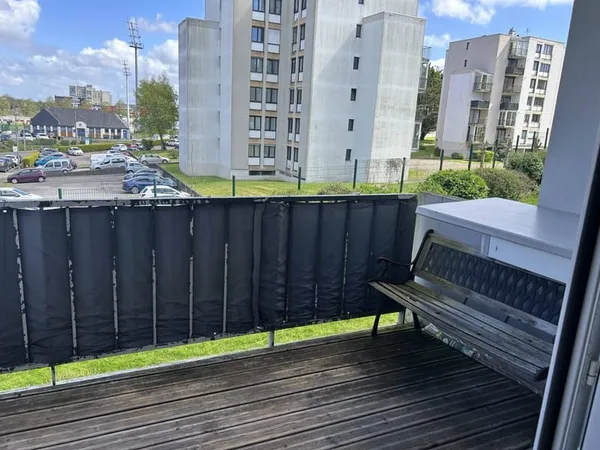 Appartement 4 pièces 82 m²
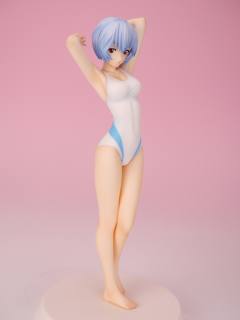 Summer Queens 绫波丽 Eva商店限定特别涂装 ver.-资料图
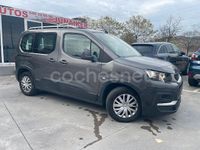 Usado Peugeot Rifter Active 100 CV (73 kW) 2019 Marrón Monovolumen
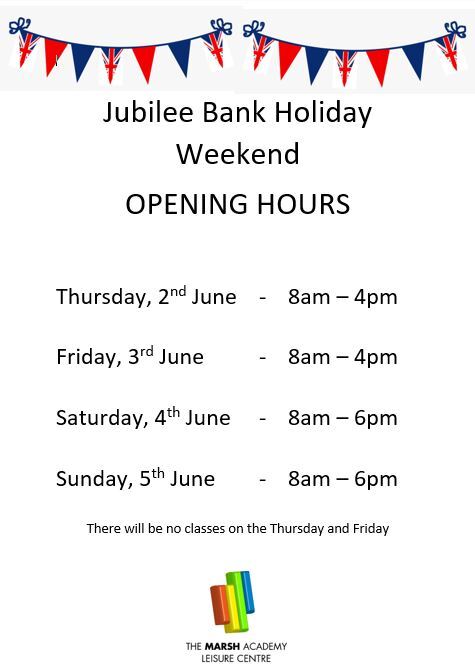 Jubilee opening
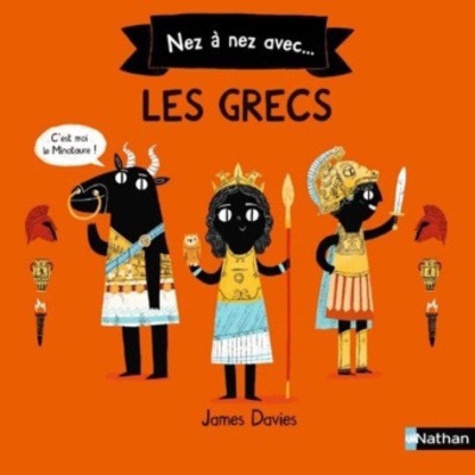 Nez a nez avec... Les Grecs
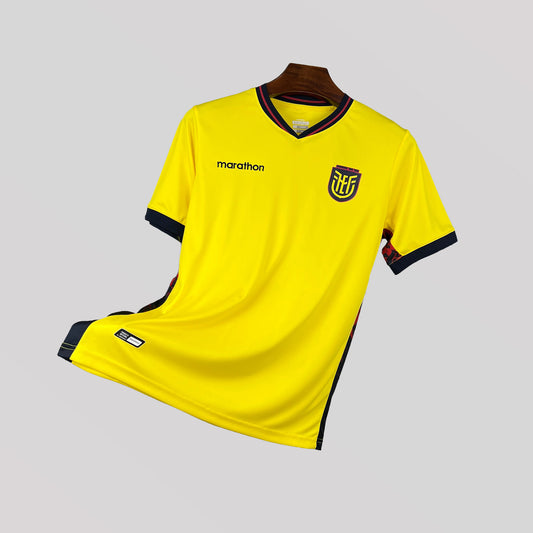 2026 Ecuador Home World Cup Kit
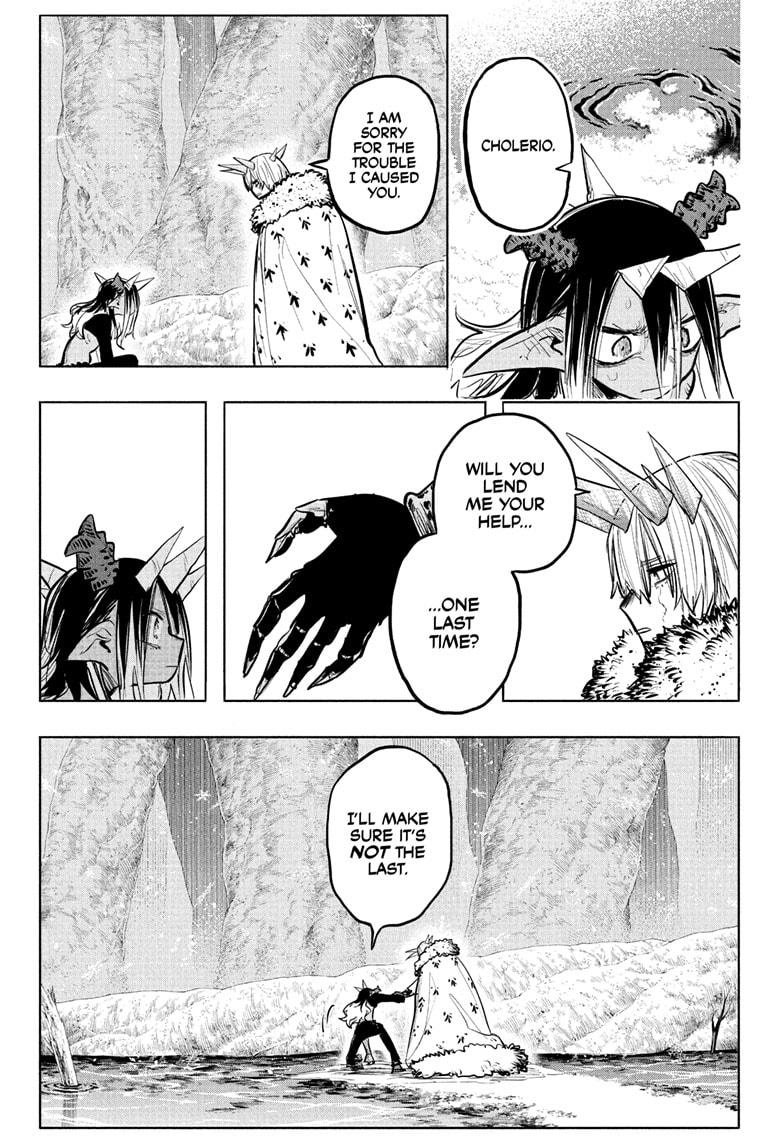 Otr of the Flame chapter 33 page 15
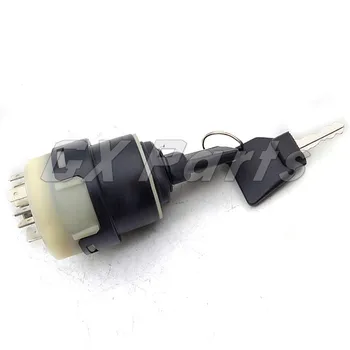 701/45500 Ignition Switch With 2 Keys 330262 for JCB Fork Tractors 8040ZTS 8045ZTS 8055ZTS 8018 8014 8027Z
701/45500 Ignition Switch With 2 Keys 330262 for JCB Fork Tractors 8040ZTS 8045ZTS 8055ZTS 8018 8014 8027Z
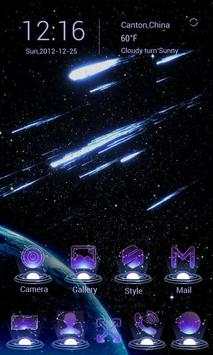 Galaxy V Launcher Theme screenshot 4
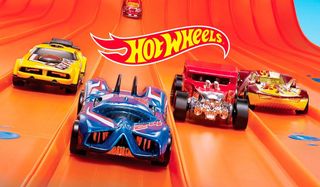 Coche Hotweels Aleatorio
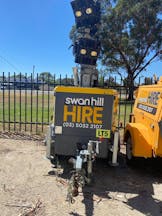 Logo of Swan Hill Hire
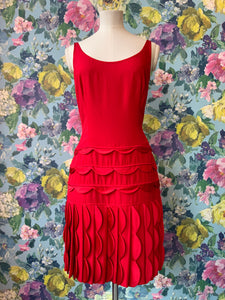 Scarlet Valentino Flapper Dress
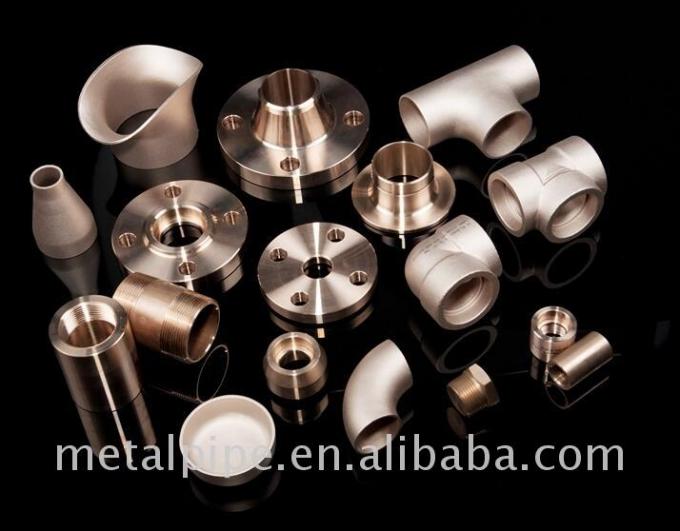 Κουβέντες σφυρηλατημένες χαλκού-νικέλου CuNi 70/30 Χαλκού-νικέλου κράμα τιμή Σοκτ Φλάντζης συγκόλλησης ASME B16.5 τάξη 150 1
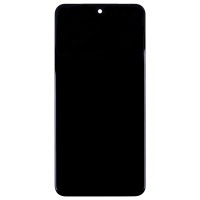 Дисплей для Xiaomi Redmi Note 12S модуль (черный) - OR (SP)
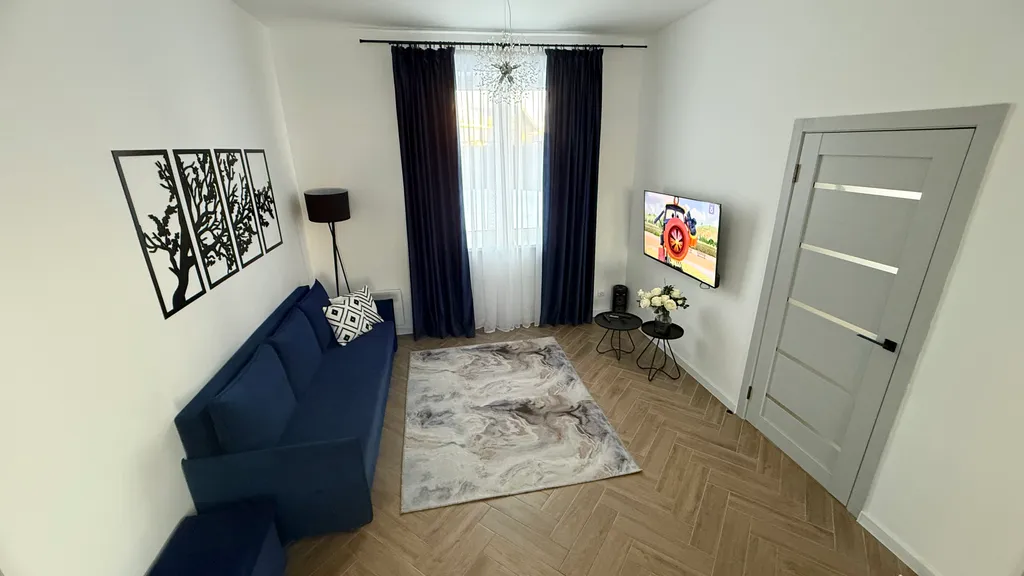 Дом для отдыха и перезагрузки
==
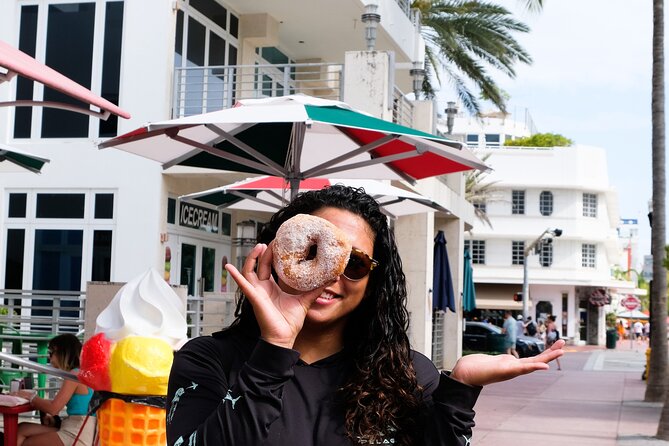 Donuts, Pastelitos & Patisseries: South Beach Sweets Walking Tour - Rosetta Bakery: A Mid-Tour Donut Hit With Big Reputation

◆ Aim of the exercise: What are the lines above from the one with "Otr of the Flame chapter 33 page 15" to the one with "Дом для отдыха и перезагрузки", both included? Reproduce them exactly, without pictures.

◆ Task output:
 Otr of the Flame chapter 33 page 15
 701/45500 Ignition Switch With 2 Keys 330262 for JCB Fork Tractors 8040ZTS 8045ZTS 8055ZTS 8018 8014 8027Z
701/45500 Ignition Switch With 2 Keys 330262 for JCB Fork Tractors 8040ZTS 8045ZTS 8055ZTS 8018 8014 8027Z
 Galaxy V Launcher Theme screenshot 4
 Coche Hotweels Aleatorio
 Logo of Swan Hill Hire
 Scarlet Valentino Flapper Dress
 Κουβέντες σφυρηλατημένες χαλκού-νικέλου CuNi 70/30 Χαλκού-νικέλου κράμα τιμή Σοκτ Φλάντζης συγκόλλησης ASME B16.5 τάξη 150 1
 Дисплей для Xiaomi Redmi Note 12S модуль (черный) - OR (SP)
 Дом для отдыха и перезагрузки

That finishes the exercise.